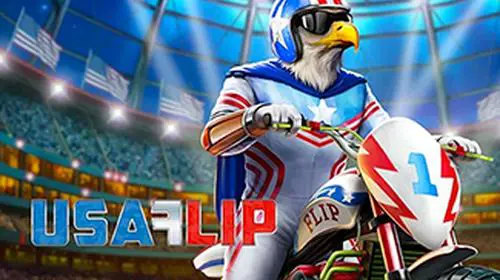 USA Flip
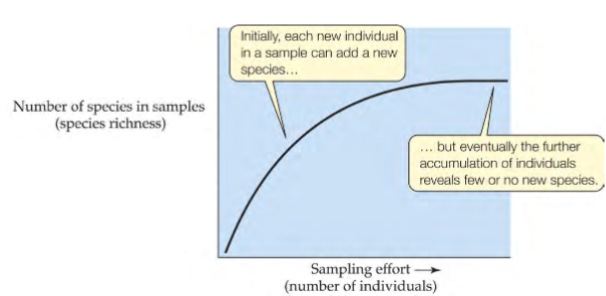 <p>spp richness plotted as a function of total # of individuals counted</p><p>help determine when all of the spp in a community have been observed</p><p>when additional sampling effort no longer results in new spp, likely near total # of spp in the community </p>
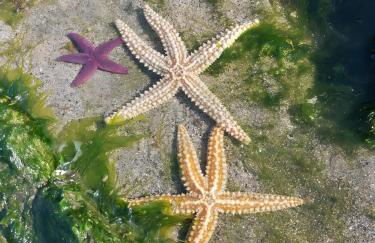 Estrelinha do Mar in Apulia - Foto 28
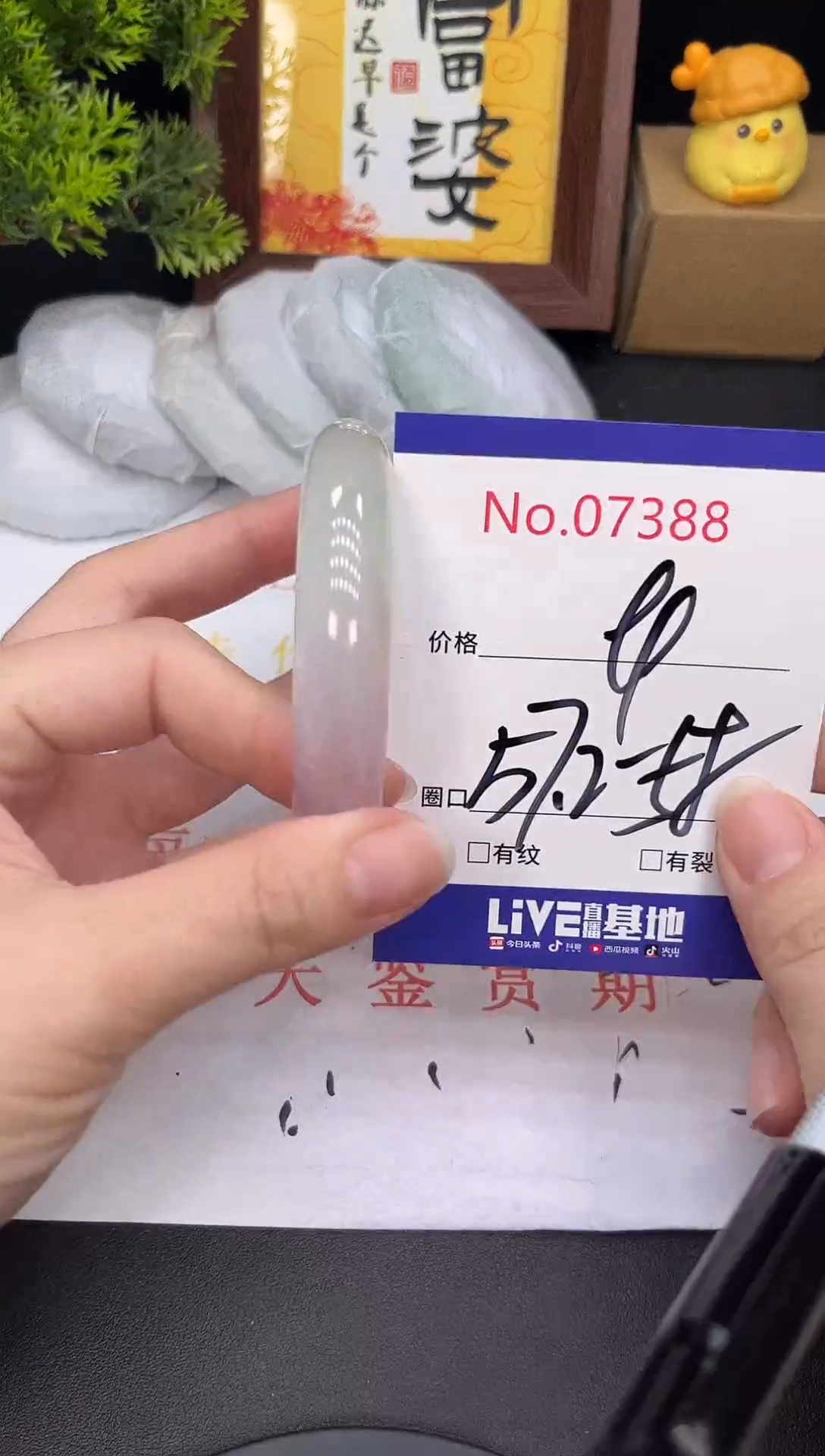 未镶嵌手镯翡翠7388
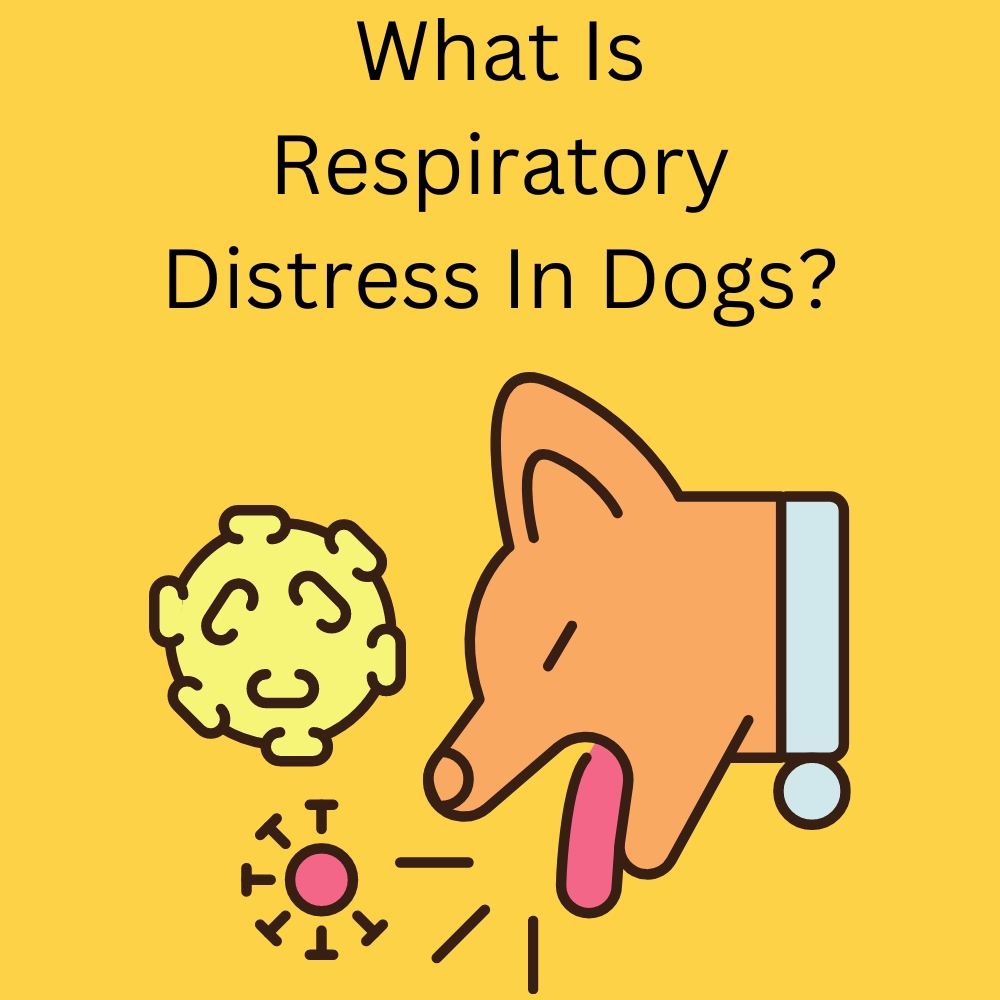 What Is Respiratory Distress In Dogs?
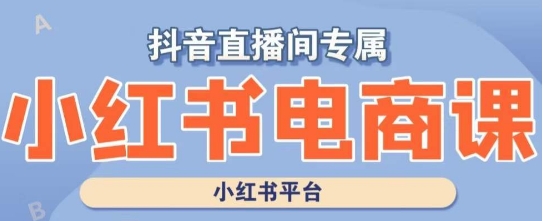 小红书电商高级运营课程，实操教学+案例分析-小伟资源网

* * *

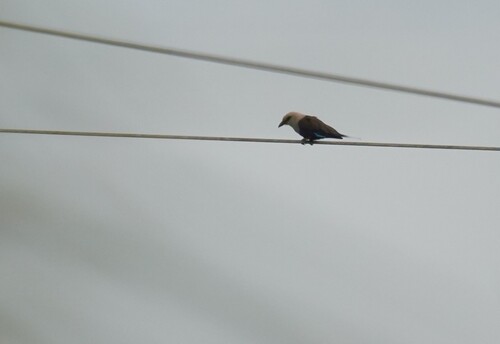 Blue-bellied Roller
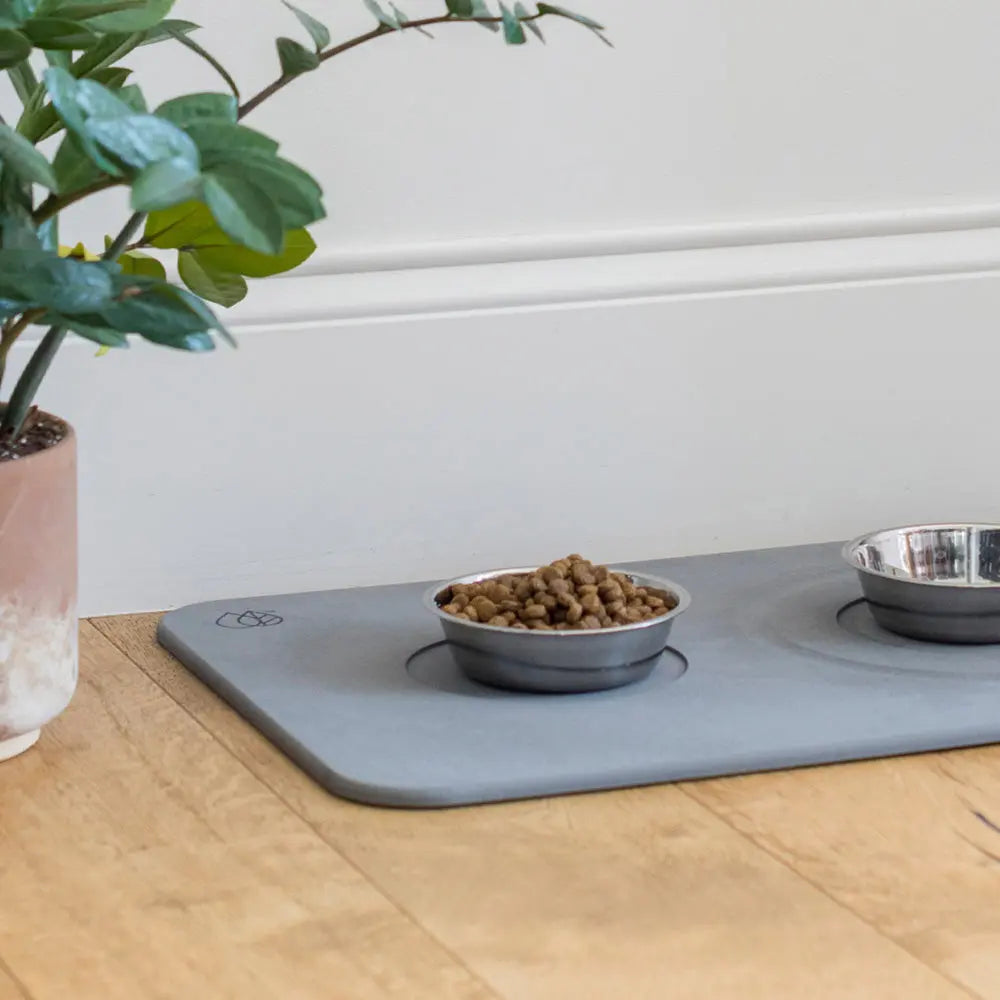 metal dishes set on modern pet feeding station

▸ **TASK GOAL**
Copy everything above from the line holding "未镶嵌手镯翡翠7388" down to the line holding "小红书电商高级运营课程，实操教学+案例分析-小伟资源网", both ends included, exactly as it stands and without the pictures.

▸ **RESPONSE AREA**
 未镶嵌手镯翡翠7388
 What Is Respiratory Distress In Dogs?
 小红书电商高级运营课程，实操教学+案例分析-小伟资源网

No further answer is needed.